А теперь ставлю вопрос ребром: сколько ключевых звеньев в системе государственного управления надо подобным образом вывести за все возможные скобки, чтобы система в одночасье развалилась? При том, что ни о каких революционных очищениях речь, как мы понимаем, не идет. Нет ни революционной атмосферы, ни революционных кадров.

Но, может быть, Конституционный Суд и впрямь так погряз в сервильности, что он сам себя вывел за скобки, став придатком к кремлевской администрации, стремящейся перевести страну на рельсы политической деспотии?

Чем необходимое обсуждение такого вопроса отличается от грязного бездоказательного пиара, то бишь информационной войны? Известно, чем! Тот, кто всерьез обсуждает вопрос, не может игнорировать факты. А тот, кто ведет информационную войну, может.

19 ноября 2009 года Конституционный Суд Российской Федерации принял решение, согласно которому смертная казнь в России отменена. Это - непопулярное решение, которое Конституционный Суд совершенно не обязан был принимать в том виде, в каком оно было принято. Ему гораздо легче было переложить ответственность на законодательную власть. Но КС поступил иначе.

Итак, КС принял решение, во-первых, очевидным образом либеральное. И, во-вторых, столь же очевидным образом непопулярное. А ведь именно в неспособности КС принимать такие решения - суть демаршей Ярославцева и Кононова: "Мы-де, мол, либеральные люди! Люди просвещенные! Мы - настоящие западники! А наши коллеги настроены антилиберально, антизападно. Так же, как и руководящий их деятельностью Кремль!

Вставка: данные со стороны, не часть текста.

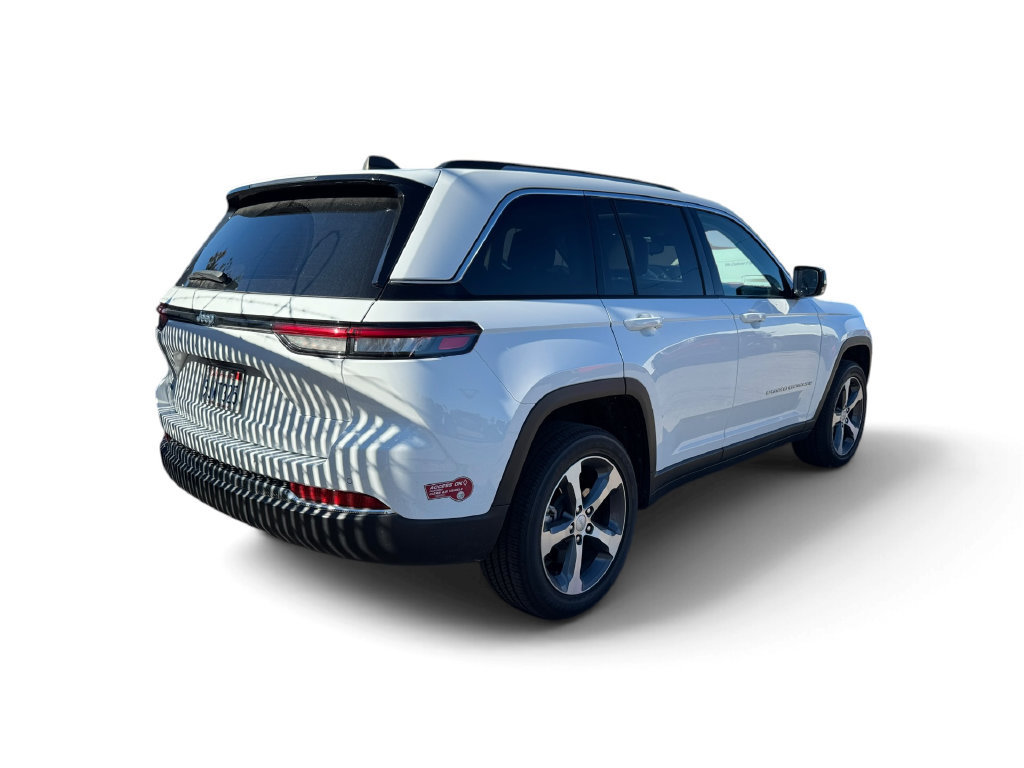 Used 2023 Jeep Grand Cherokee 4WD 4xe image 2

Стремящийся к установлению в стране политической деспотии".

Казалось бы, данное решение КС не оставляет камня на камне от таких рассуждений! В самом деле, если Конституционным Судом командует Кремль, стремящийся осуществлять антидемократическую внеправовую деспотию, то зачем этому Кремлю требовать от Конституционного Суда принятия решения, резко ограничивающего возможности деспотии?

Если бы речь шла о полноценном обсуждении изъянов в работе КС или даже неисправимой порочности Суда, то все было бы сконцентрировано вокруг ответа на сформулированный мною очевидный вопрос. А поскольку никто не только не сконцентрирован на обсуждении этого вопроса, но и не рассматривает его вообще, то речь однозначно идет о пиар-акции, участники которой убеждены в беспроигрышности используемой тактики: "Если вы нас тронете, то мы - гонимые жертвы. А если вы нас не тронете, то мы камня на камне не оставим от вашей репутации. Выбирайте!"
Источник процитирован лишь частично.